### EXERCISE AIM
Return the records exactly, from the first line through the "#فلسطين_الان #PalestineGenocide #GazaHospital" line.
---- MATERIAL TO PROCESS
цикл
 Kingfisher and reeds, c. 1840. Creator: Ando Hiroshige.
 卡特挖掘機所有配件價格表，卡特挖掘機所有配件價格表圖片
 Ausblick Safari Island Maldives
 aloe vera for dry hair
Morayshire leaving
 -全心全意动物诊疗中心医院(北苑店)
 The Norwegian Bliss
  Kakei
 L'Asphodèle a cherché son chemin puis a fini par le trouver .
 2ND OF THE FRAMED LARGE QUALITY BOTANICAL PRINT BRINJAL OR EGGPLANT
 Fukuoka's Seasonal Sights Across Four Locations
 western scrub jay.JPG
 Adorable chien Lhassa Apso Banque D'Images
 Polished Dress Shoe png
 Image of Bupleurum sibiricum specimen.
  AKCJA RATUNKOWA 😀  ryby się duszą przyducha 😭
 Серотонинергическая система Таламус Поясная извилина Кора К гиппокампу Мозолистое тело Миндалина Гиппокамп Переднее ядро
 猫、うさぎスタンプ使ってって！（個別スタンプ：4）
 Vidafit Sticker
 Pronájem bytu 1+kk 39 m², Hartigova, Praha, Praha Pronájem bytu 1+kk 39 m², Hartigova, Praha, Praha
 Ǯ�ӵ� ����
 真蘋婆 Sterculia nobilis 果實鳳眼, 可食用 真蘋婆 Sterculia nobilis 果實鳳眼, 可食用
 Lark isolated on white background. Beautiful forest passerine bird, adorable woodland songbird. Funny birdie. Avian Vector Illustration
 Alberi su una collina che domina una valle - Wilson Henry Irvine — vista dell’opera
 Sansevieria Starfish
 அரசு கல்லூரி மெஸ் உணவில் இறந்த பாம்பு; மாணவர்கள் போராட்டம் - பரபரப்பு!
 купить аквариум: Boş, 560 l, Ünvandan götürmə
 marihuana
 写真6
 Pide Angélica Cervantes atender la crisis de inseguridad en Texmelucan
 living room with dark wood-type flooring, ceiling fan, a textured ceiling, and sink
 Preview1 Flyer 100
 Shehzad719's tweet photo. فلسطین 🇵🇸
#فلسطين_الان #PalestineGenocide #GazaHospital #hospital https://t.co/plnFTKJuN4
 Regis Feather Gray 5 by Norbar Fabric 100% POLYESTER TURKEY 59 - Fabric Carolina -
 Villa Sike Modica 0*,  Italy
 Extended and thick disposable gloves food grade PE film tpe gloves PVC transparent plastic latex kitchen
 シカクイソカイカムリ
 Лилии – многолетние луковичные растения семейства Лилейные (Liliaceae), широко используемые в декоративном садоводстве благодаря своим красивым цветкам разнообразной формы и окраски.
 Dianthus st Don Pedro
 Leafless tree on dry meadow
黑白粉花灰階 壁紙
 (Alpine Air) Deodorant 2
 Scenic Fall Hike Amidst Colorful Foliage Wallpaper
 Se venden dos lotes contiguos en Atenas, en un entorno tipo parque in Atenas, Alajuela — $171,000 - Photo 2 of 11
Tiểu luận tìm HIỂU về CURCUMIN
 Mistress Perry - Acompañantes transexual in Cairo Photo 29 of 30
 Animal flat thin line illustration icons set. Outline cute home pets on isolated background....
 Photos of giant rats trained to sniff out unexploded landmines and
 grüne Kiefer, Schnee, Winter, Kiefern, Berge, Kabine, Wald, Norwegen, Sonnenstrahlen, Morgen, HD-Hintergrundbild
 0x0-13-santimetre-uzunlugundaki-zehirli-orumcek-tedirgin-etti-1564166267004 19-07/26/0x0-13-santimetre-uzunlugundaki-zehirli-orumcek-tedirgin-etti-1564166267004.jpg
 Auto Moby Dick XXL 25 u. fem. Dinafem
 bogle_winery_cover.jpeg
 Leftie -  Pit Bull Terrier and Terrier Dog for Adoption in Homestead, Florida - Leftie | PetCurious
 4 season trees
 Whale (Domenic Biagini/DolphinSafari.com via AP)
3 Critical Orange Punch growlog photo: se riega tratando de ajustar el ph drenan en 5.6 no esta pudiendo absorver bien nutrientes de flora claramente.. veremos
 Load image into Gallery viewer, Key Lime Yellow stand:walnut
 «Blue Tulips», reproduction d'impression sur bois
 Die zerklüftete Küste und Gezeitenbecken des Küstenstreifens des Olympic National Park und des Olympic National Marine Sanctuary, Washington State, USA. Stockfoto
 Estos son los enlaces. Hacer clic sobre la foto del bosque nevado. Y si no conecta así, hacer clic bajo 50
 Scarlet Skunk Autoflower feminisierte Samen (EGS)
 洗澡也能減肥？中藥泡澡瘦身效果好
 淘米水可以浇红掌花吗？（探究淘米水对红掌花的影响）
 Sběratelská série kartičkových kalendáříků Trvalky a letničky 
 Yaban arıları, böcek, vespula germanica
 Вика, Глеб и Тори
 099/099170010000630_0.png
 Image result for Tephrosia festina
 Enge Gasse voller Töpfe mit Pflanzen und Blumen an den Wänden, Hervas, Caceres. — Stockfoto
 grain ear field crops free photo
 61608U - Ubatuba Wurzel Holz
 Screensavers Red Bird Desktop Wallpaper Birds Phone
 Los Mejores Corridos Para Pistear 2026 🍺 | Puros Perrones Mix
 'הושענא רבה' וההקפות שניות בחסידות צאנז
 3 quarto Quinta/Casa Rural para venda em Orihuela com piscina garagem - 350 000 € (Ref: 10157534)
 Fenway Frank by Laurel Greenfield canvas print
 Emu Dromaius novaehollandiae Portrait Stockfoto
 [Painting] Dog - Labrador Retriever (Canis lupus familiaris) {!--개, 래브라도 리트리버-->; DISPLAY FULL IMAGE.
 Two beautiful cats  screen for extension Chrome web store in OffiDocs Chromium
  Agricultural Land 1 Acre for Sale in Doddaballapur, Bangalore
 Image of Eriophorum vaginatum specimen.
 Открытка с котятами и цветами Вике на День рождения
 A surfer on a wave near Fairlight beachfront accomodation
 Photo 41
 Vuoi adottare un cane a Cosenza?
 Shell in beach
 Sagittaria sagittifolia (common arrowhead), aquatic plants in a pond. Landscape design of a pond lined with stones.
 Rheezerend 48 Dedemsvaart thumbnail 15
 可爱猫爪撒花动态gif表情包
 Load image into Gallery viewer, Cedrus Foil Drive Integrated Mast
--------
### SOLUTION
цикл
 Kingfisher and reeds, c. 1840. Creator: Ando Hiroshige.
 卡特挖掘機所有配件價格表，卡特挖掘機所有配件價格表圖片
 Ausblick Safari Island Maldives
 aloe vera for dry hair
Morayshire leaving
 -全心全意动物诊疗中心医院(北苑店)
 The Norwegian Bliss
  Kakei
 L'Asphodèle a cherché son chemin puis a fini par le trouver .
 2ND OF THE FRAMED LARGE QUALITY BOTANICAL PRINT BRINJAL OR EGGPLANT
 Fukuoka's Seasonal Sights Across Four Locations
 western scrub jay.JPG
 Adorable chien Lhassa Apso Banque D'Images
 Polished Dress Shoe png
 Image of Bupleurum sibiricum specimen.
  AKCJA RATUNKOWA 😀  ryby się duszą przyducha 😭
 Серотонинергическая система Таламус Поясная извилина Кора К гиппокампу Мозолистое тело Миндалина Гиппокамп Переднее ядро
 猫、うさぎスタンプ使ってって！（個別スタンプ：4）
 Vidafit Sticker
 Pronájem bytu 1+kk 39 m², Hartigova, Praha, Praha Pronájem bytu 1+kk 39 m², Hartigova, Praha, Praha
 Ǯ�ӵ� ����
 真蘋婆 Sterculia nobilis 果實鳳眼, 可食用 真蘋婆 Sterculia nobilis 果實鳳眼, 可食用
 Lark isolated on white background. Beautiful forest passerine bird, adorable woodland songbird. Funny birdie. Avian Vector Illustration
 Alberi su una collina che domina una valle - Wilson Henry Irvine — vista dell’opera
 Sansevieria Starfish
 அரசு கல்லூரி மெஸ் உணவில் இறந்த பாம்பு; மாணவர்கள் போராட்டம் - பரபரப்பு!
 купить аквариум: Boş, 560 l, Ünvandan götürmə
 marihuana
 写真6
 Pide Angélica Cervantes atender la crisis de inseguridad en Texmelucan
 living room with dark wood-type flooring, ceiling fan, a textured ceiling, and sink
 Preview1 Flyer 100
 Shehzad719's tweet photo. فلسطین 🇵🇸
#فلسطين_الان #PalestineGenocide #GazaHospital #hospital https://t.co/plnFTKJuN4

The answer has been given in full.